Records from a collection
*** Block opens ***

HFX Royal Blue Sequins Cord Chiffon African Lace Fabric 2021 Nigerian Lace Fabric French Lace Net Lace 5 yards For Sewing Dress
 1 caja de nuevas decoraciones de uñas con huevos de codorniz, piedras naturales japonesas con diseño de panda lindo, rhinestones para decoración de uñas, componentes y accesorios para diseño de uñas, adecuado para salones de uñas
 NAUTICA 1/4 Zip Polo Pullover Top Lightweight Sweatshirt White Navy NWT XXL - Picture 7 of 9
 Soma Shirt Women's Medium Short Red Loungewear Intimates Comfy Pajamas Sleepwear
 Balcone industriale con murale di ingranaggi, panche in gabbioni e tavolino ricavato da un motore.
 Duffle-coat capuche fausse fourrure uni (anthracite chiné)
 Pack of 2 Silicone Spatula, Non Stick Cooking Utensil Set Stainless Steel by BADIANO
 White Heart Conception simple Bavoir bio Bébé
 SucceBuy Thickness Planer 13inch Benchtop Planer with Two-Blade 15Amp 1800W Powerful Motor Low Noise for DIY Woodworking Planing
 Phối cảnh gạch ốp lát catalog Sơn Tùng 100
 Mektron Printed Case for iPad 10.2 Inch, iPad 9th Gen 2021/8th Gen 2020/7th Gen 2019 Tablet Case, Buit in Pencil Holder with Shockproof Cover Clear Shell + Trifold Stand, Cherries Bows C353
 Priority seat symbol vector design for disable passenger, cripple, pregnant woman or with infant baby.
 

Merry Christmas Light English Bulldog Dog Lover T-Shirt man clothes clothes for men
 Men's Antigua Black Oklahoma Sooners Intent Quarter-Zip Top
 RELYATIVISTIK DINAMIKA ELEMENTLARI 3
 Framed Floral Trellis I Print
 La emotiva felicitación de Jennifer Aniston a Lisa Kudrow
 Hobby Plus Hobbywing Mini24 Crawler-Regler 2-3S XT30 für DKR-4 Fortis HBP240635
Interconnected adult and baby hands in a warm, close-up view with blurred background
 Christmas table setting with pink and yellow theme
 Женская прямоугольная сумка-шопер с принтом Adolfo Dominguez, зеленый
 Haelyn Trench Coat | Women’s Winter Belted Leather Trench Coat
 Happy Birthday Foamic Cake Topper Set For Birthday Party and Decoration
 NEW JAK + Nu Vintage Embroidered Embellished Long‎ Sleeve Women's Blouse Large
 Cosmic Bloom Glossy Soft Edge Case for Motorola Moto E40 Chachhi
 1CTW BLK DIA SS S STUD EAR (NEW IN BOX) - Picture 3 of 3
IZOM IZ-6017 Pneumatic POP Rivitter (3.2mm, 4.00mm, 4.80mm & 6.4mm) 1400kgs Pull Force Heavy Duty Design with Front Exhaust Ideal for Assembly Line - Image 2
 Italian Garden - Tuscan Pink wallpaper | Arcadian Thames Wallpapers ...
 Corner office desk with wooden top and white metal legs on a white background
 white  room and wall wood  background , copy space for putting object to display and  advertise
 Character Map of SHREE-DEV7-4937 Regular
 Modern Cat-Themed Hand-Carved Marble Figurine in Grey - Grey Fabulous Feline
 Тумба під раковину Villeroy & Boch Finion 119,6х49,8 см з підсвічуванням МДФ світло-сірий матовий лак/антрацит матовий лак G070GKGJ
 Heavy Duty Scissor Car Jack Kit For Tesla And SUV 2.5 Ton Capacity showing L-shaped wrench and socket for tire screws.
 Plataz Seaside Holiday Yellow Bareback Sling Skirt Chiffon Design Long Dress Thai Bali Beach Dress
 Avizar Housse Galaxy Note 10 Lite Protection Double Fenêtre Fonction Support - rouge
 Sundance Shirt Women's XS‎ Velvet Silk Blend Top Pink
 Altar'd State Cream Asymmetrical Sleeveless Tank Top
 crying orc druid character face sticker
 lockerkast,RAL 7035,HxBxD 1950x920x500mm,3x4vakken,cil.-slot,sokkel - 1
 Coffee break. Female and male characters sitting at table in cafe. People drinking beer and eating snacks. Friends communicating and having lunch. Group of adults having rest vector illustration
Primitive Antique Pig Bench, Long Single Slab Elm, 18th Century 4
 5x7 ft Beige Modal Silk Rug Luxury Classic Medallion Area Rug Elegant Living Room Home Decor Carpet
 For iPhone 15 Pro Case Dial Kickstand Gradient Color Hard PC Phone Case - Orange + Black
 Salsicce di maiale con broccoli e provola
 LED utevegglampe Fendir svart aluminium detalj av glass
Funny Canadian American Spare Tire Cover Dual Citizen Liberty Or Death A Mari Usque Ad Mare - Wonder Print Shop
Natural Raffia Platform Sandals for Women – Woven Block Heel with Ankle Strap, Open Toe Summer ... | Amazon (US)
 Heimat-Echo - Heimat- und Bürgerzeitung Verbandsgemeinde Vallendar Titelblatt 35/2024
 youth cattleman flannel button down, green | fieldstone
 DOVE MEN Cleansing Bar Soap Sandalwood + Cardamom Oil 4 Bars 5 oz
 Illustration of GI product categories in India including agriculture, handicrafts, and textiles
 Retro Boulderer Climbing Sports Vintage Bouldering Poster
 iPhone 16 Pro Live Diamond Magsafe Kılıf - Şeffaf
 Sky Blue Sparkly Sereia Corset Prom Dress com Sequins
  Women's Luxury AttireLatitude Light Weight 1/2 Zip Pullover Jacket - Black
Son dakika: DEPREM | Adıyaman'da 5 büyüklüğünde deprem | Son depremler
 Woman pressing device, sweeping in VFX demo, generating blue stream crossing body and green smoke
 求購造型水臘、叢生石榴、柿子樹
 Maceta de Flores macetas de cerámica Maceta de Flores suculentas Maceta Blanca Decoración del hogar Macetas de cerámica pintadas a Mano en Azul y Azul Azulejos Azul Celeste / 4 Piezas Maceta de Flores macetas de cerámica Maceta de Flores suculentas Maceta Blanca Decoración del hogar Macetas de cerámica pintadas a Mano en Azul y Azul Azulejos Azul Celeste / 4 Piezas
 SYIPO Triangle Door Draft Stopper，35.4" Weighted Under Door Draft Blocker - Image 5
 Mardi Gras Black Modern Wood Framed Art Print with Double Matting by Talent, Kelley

*** Block closes ***

◆ Task objective ◆
Repeat back all entries verbatim.

◆ Task answer ◆
HFX Royal Blue Sequins Cord Chiffon African Lace Fabric 2021 Nigerian Lace Fabric French Lace Net Lace 5 yards For Sewing Dress
 1 caja de nuevas decoraciones de uñas con huevos de codorniz, piedras naturales japonesas con diseño de panda lindo, rhinestones para decoración de uñas, componentes y accesorios para diseño de uñas, adecuado para salones de uñas
 NAUTICA 1/4 Zip Polo Pullover Top Lightweight Sweatshirt White Navy NWT XXL - Picture 7 of 9
 Soma Shirt Women's Medium Short Red Loungewear Intimates Comfy Pajamas Sleepwear
 Balcone industriale con murale di ingranaggi, panche in gabbioni e tavolino ricavato da un motore.
 Duffle-coat capuche fausse fourrure uni (anthracite chiné)
 Pack of 2 Silicone Spatula, Non Stick Cooking Utensil Set Stainless Steel by BADIANO
 White Heart Conception simple Bavoir bio Bébé
 SucceBuy Thickness Planer 13inch Benchtop Planer with Two-Blade 15Amp 1800W Powerful Motor Low Noise for DIY Woodworking Planing
 Phối cảnh gạch ốp lát catalog Sơn Tùng 100
 Mektron Printed Case for iPad 10.2 Inch, iPad 9th Gen 2021/8th Gen 2020/7th Gen 2019 Tablet Case, Buit in Pencil Holder with Shockproof Cover Clear Shell + Trifold Stand, Cherries Bows C353
 Priority seat symbol vector design for disable passenger, cripple, pregnant woman or with infant baby.
 

Merry Christmas Light English Bulldog Dog Lover T-Shirt man clothes clothes for men
 Men's Antigua Black Oklahoma Sooners Intent Quarter-Zip Top
 RELYATIVISTIK DINAMIKA ELEMENTLARI 3
 Framed Floral Trellis I Print
 La emotiva felicitación de Jennifer Aniston a Lisa Kudrow
 Hobby Plus Hobbywing Mini24 Crawler-Regler 2-3S XT30 für DKR-4 Fortis HBP240635
Interconnected adult and baby hands in a warm, close-up view with blurred background
 Christmas table setting with pink and yellow theme
 Женская прямоугольная сумка-шопер с принтом Adolfo Dominguez, зеленый
 Haelyn Trench Coat | Women’s Winter Belted Leather Trench Coat
 Happy Birthday Foamic Cake Topper Set For Birthday Party and Decoration
 NEW JAK + Nu Vintage Embroidered Embellished Long‎ Sleeve Women's Blouse Large
 Cosmic Bloom Glossy Soft Edge Case for Motorola Moto E40 Chachhi
 1CTW BLK DIA SS S STUD EAR (NEW IN BOX) - Picture 3 of 3
IZOM IZ-6017 Pneumatic POP Rivitter (3.2mm, 4.00mm, 4.80mm & 6.4mm) 1400kgs Pull Force Heavy Duty Design with Front Exhaust Ideal for Assembly Line - Image 2
 Italian Garden - Tuscan Pink wallpaper | Arcadian Thames Wallpapers ...
 Corner office desk with wooden top and white metal legs on a white background
 white  room and wall wood  background , copy space for putting object to display and  advertise
 Character Map of SHREE-DEV7-4937 Regular
 Modern Cat-Themed Hand-Carved Marble Figurine in Grey - Grey Fabulous Feline
 Тумба під раковину Villeroy & Boch Finion 119,6х49,8 см з підсвічуванням МДФ світло-сірий матовий лак/антрацит матовий лак G070GKGJ
 Heavy Duty Scissor Car Jack Kit For Tesla And SUV 2.5 Ton Capacity showing L-shaped wrench and socket for tire screws.
 Plataz Seaside Holiday Yellow Bareback Sling Skirt Chiffon Design Long Dress Thai Bali Beach Dress
 Avizar Housse Galaxy Note 10 Lite Protection Double Fenêtre Fonction Support - rouge
 Sundance Shirt Women's XS‎ Velvet Silk Blend Top Pink
 Altar'd State Cream Asymmetrical Sleeveless Tank Top
 crying orc druid character face sticker
 lockerkast,RAL 7035,HxBxD 1950x920x500mm,3x4vakken,cil.-slot,sokkel - 1
 Coffee break. Female and male characters sitting at table in cafe. People drinking beer and eating snacks. Friends communicating and having lunch. Group of adults having rest vector illustration
Primitive Antique Pig Bench, Long Single Slab Elm, 18th Century 4
 5x7 ft Beige Modal Silk Rug Luxury Classic Medallion Area Rug Elegant Living Room Home Decor Carpet
 For iPhone 15 Pro Case Dial Kickstand Gradient Color Hard PC Phone Case - Orange + Black
 Salsicce di maiale con broccoli e provola
 LED utevegglampe Fendir svart aluminium detalj av glass
Funny Canadian American Spare Tire Cover Dual Citizen Liberty Or Death A Mari Usque Ad Mare - Wonder Print Shop
Natural Raffia Platform Sandals for Women – Woven Block Heel with Ankle Strap, Open Toe Summer ... | Amazon (US)
 Heimat-Echo - Heimat- und Bürgerzeitung Verbandsgemeinde Vallendar Titelblatt 35/2024
 youth cattleman flannel button down, green | fieldstone
 DOVE MEN Cleansing Bar Soap Sandalwood + Cardamom Oil 4 Bars 5 oz
 Illustration of GI product categories in India including agriculture, handicrafts, and textiles
 Retro Boulderer Climbing Sports Vintage Bouldering Poster
 iPhone 16 Pro Live Diamond Magsafe Kılıf - Şeffaf
 Sky Blue Sparkly Sereia Corset Prom Dress com Sequins
  Women's Luxury AttireLatitude Light Weight 1/2 Zip Pullover Jacket - Black
Son dakika: DEPREM | Adıyaman'da 5 büyüklüğünde deprem | Son depremler
 Woman pressing device, sweeping in VFX demo, generating blue stream crossing body and green smoke
 求購造型水臘、叢生石榴、柿子樹
 Maceta de Flores macetas de cerámica Maceta de Flores suculentas Maceta Blanca Decoración del hogar Macetas de cerámica pintadas a Mano en Azul y Azul Azulejos Azul Celeste / 4 Piezas Maceta de Flores macetas de cerámica Maceta de Flores suculentas Maceta Blanca Decoración del hogar Macetas de cerámica pintadas a Mano en Azul y Azul Azulejos Azul Celeste / 4 Piezas
 SYIPO Triangle Door Draft Stopper，35.4" Weighted Under Door Draft Blocker - Image 5
 Mardi Gras Black Modern Wood Framed Art Print with Double Matting by Talent, Kelley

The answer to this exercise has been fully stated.